I'm currently using Apache UIMA to retrieve a list of occurrences of phenotype terms. However, the documentation (Why do so many bioinformatics software APIs lack good documentation!) seems to only point towards the CAS debugger GUI rather than being able to return the annotation index.
https://i.sstatic.net/giNoj.png - Picture of the CAS GUI, I want it to return the annotation index in the bottom left
Like I said, the docs don't really answer this (https://uima.apache.org/documentation.html), but generally I want to be able to call the process() method in the Annotator class, and for it to return the annotation index once it has found any and all occurrences.

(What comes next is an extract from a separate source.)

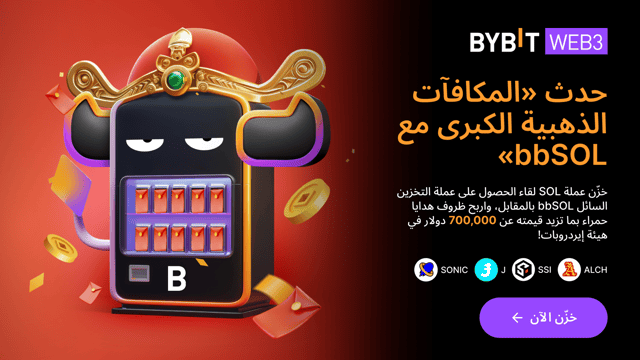 🎊 نُقدّم لكم حدث «المكافآت الذهبية الكبرى مع bbSOL»: خزّن عملة SOL واربح حصتك ممّا قيمته 700,000 دولار في هيئة ظروف هدايا حمراء من الإيردروبات! 🧧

Sorry if it's a silly question with an obvious answer, I've spent three hours going through the docs so far and haven't come any closer to finding the answer, if anyone's tried integrating it into a project in a similar way and can point me in the right direction, it would be much appreciated!
The process methods change the state inside the CAS. After calling ae.process(cas) or ae.process(jcas), the annotations are stored in the CAS. Just get the annotation index from the (J)Cas.
Apache uimaFIT might also be convenient for you as it provides various "select" methods to access annotations in the (J)CAS, e.g.:
// CAS version
Type tokenType = CasUtil.getType(cas, "my.Token");
for (AnnotationFS token : CasUtil.select(cas, tokenType)) {
...
}
// JCas version
for (Token token : JCasUtil.select(jcas, Token.class)) {
...
}
More detailed information on this API can be found in the uimaFIT documentation, in particular in the sections on pipelines and on access methods.
Disclosure: I am working on Apache uimaFIT.